Communication Builds Our Community

Theatre Review: "Ripcord" Offers an Evening of Entertaining Fun

Competitive Roommates Offer a New Twist on the Odd Couple

An evening of often hilarious one-upmanship between roommates with a dash of Halloween flair is the basis of plenty of great gags as Lake Wales Little Theater (LWLT) presents "Ripcord," a comedy by David Lindsay-Abaire about learning to live with others despite perceived differences. Set in a senior living facility, the play features some atypical competition between roommates.

Resident Abby Binder, played by Dorinda Morrison-Garrard, is a grouchy woman who seems to prefer the company of her plants. She complains about her roommate, Marilyn Dunn, played by Alicia Bush. Dunn is in return cheerful, talkative, and liked by everyone at the facility.

When another room becomes available, Abby is at first glad she will have the room to herself again, but Marilyn has no plans to move out. Her opportunity to force the matter comes when Scotty (Brent Ours), a caregiver at the facility, invites the residents to a haunted house he's acting in.

Marilyn offers Abby a bet.

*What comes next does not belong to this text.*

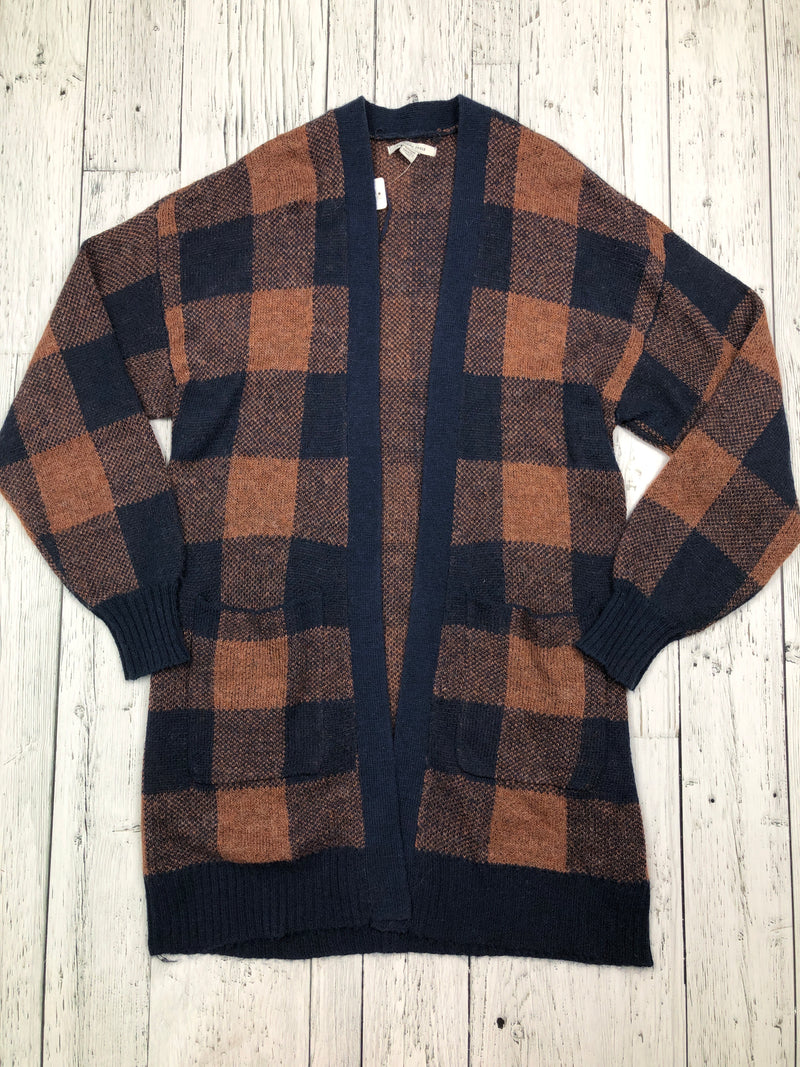 American Eagle brown navy plaid sweater - Hers XS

After first refusing, she sees it as her chance to be rid of Marilyn once and for all, and agrees on the condition that, if she loses, Marilyn must move out.

As the ladies make their best attempts to be first to win the bet, nothing is off limits. Marilyn even enlists her family Colleen, played by Nikki Buron, Derick, played by Wade Altman, and Lewis, played by Ian Elliot, to help her win. As each attempt becomes more extravagant than the next, you'll be on the edge of your seat anticipating what each of them have up their sleeves.

The performances by Morrison-Garrard and Bush are spot on for their characters and really seem like an extension of themselves. When the two argue, it seems as if they practiced living with one another. That makes the storyline feel authentic. It was also fitting that Ours' character was branching out into acting on the side while he had a “typical” day job .

If the overall storyline isn’t funny enough to make you chuckle, you’ll certainly get a kick out of the innuendos and one-liners embedded throughout, mostly at Derick’s expense. However, comedy isn’t the only thing this story has to offer. The dramatic dialog between Morrison-Garrard and Elliot’s secondary character, Benjamin, will leave you on the verge of tears.

The play is directed by Susan Saylor Raesley and Karen Fewell, who also makes a special appearance in the show while also acting as stage manager. The performance can be seen on Fridays and Saturdays at 7:30 pm, and Sundays at 2 pm through January 30. Tickets are $20 for adults and $14 for students, and may be purchased online at any time at www., or at the box office, 411 N. 3rd St., on Wednesdays between 10 am and 2 pm.